### Problem to solve:
Below is a listing; repeat exactly the lines from the one containing "The bark, the" to the one containing "Our third triangle", both included.

### Raw data:
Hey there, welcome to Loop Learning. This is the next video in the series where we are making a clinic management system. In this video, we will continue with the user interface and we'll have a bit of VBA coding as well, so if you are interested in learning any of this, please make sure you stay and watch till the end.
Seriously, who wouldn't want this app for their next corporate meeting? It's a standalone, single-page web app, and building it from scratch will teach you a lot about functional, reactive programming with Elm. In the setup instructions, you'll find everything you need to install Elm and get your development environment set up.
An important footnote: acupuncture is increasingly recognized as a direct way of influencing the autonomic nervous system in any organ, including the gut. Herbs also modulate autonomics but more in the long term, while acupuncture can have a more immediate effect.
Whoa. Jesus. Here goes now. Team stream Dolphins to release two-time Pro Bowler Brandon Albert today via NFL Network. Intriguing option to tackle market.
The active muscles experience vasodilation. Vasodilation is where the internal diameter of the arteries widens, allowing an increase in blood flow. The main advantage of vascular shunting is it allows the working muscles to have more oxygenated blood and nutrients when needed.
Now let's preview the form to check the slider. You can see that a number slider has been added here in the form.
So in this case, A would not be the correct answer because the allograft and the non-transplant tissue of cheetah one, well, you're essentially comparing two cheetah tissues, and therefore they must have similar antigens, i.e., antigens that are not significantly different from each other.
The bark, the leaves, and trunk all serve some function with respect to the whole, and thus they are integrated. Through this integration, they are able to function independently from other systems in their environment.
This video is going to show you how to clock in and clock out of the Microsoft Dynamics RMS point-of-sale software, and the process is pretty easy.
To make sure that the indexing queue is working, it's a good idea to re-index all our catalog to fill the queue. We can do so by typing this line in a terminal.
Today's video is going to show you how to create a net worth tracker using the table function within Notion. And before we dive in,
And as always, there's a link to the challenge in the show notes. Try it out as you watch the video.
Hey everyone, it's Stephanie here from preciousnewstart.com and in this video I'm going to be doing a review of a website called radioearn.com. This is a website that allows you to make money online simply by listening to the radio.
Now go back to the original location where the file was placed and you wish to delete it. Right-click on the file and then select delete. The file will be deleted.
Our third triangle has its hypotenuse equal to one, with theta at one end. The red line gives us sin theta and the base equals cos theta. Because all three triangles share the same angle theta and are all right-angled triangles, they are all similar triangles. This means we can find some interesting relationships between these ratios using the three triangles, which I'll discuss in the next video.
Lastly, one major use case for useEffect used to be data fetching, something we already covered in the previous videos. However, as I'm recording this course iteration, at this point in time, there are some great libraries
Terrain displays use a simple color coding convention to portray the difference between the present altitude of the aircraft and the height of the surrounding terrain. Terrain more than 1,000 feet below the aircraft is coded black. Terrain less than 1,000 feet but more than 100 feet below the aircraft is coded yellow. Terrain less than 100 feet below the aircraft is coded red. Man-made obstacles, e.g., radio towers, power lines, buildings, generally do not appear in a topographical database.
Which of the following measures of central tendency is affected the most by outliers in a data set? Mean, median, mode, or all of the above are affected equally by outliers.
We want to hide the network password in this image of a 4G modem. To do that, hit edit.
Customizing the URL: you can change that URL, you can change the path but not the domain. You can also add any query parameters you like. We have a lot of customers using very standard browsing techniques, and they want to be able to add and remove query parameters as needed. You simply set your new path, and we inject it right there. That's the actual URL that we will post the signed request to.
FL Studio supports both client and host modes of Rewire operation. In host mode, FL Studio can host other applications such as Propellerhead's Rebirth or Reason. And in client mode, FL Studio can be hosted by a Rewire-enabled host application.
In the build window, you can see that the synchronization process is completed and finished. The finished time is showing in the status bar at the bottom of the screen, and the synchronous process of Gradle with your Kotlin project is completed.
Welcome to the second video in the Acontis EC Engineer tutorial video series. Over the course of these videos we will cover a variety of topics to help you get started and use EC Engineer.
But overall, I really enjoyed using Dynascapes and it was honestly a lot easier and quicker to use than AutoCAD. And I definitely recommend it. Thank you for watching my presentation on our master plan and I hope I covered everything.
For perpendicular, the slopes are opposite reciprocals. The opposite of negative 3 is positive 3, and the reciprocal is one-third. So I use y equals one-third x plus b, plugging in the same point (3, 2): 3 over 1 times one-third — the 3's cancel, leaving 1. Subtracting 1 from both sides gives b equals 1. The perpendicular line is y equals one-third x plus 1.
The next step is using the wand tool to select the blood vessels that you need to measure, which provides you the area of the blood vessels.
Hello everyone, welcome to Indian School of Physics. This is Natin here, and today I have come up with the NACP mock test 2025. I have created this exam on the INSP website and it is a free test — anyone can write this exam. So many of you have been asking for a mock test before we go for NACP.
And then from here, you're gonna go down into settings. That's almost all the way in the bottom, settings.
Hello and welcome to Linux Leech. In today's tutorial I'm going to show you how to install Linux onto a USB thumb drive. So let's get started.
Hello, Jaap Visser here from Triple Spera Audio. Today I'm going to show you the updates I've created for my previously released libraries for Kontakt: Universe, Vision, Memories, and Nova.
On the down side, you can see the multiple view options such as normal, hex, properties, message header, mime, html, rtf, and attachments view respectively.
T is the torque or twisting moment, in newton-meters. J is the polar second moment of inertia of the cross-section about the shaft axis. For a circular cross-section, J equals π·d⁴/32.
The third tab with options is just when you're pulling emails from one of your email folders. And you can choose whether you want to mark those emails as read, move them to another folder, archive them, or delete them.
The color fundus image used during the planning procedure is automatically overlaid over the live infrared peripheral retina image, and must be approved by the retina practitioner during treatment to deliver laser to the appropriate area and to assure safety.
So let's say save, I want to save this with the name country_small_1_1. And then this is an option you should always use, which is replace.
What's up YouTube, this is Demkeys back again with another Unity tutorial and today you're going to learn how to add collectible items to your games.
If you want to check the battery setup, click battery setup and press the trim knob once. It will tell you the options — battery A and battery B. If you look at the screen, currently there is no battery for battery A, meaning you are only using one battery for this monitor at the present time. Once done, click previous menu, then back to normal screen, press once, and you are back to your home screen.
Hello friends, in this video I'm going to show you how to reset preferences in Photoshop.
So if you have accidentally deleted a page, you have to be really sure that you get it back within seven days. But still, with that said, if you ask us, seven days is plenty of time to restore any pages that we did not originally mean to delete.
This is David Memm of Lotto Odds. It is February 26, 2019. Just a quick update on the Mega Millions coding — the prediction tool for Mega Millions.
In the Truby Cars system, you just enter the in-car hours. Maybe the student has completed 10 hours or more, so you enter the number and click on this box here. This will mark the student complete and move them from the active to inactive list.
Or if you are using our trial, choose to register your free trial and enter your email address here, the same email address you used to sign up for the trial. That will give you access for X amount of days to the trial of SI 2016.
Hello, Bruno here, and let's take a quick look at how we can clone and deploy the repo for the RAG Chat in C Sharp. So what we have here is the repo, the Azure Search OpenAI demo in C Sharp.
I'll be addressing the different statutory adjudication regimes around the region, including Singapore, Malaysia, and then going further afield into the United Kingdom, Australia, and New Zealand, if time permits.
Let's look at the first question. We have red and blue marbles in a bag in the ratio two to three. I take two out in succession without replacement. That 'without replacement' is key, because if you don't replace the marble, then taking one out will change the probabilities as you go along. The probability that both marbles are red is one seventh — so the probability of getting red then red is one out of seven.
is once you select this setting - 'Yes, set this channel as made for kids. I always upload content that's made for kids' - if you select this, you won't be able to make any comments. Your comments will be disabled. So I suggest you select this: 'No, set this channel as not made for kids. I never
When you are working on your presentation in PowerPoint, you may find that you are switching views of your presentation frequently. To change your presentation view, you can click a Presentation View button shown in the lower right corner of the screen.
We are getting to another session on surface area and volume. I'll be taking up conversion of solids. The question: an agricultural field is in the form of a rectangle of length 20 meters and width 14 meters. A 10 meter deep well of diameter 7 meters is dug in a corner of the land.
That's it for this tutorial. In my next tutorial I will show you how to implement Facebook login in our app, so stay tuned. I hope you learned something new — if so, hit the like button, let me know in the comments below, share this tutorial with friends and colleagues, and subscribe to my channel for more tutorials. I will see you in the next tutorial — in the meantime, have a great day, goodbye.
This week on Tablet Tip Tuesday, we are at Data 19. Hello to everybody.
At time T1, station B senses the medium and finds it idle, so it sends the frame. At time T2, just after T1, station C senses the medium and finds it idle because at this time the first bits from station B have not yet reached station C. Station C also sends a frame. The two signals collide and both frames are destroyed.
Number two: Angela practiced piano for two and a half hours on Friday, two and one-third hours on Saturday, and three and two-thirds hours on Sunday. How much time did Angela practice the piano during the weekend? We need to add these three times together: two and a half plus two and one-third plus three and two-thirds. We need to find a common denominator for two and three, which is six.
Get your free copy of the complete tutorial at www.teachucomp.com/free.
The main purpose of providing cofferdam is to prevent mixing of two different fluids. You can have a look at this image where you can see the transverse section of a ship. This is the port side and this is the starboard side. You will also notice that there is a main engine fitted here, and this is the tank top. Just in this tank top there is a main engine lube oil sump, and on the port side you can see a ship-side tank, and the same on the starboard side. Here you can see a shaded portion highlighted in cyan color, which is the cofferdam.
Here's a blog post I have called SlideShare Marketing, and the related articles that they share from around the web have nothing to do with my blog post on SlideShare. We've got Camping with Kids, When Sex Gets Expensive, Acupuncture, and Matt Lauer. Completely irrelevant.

### Answer to the problem:
The bark, the leaves, and trunk all serve some function with respect to the whole, and thus they are integrated. Through this integration, they are able to function independently from other systems in their environment.
This video is going to show you how to clock in and clock out of the Microsoft Dynamics RMS point-of-sale software, and the process is pretty easy.
To make sure that the indexing queue is working, it's a good idea to re-index all our catalog to fill the queue. We can do so by typing this line in a terminal.
Today's video is going to show you how to create a net worth tracker using the table function within Notion. And before we dive in,
And as always, there's a link to the challenge in the show notes. Try it out as you watch the video.
Hey everyone, it's Stephanie here from preciousnewstart.com and in this video I'm going to be doing a review of a website called radioearn.com. This is a website that allows you to make money online simply by listening to the radio.
Now go back to the original location where the file was placed and you wish to delete it. Right-click on the file and then select delete. The file will be deleted.
Our third triangle has its hypotenuse equal to one, with theta at one end. The red line gives us sin theta and the base equals cos theta. Because all three triangles share the same angle theta and are all right-angled triangles, they are all similar triangles. This means we can find some interesting relationships between these ratios using the three triangles, which I'll discuss in the next video.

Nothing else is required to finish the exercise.